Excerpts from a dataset
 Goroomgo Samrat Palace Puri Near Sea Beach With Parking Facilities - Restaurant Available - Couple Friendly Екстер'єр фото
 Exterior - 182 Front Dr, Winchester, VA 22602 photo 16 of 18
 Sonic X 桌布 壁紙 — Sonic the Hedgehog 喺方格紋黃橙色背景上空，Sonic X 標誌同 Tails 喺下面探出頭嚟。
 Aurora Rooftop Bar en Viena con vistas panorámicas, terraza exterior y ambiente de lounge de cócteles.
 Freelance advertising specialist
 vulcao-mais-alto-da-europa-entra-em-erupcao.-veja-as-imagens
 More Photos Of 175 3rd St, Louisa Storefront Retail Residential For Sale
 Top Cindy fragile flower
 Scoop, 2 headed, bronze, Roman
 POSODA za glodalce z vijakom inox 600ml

What you are asked to do
Once you reach the line that holds "Exterior - 182", print it and every line after it through the end of the records, word for word.

Response area
 Exterior - 182 Front Dr, Winchester, VA 22602 photo 16 of 18
 Sonic X 桌布 壁紙 — Sonic the Hedgehog 喺方格紋黃橙色背景上空，Sonic X 標誌同 Tails 喺下面探出頭嚟。
 Aurora Rooftop Bar en Viena con vistas panorámicas, terraza exterior y ambiente de lounge de cócteles.
 Freelance advertising specialist
 vulcao-mais-alto-da-europa-entra-em-erupcao.-veja-as-imagens
 More Photos Of 175 3rd St, Louisa Storefront Retail Residential For Sale
 Top Cindy fragile flower
 Scoop, 2 headed, bronze, Roman
 POSODA za glodalce z vijakom inox 600ml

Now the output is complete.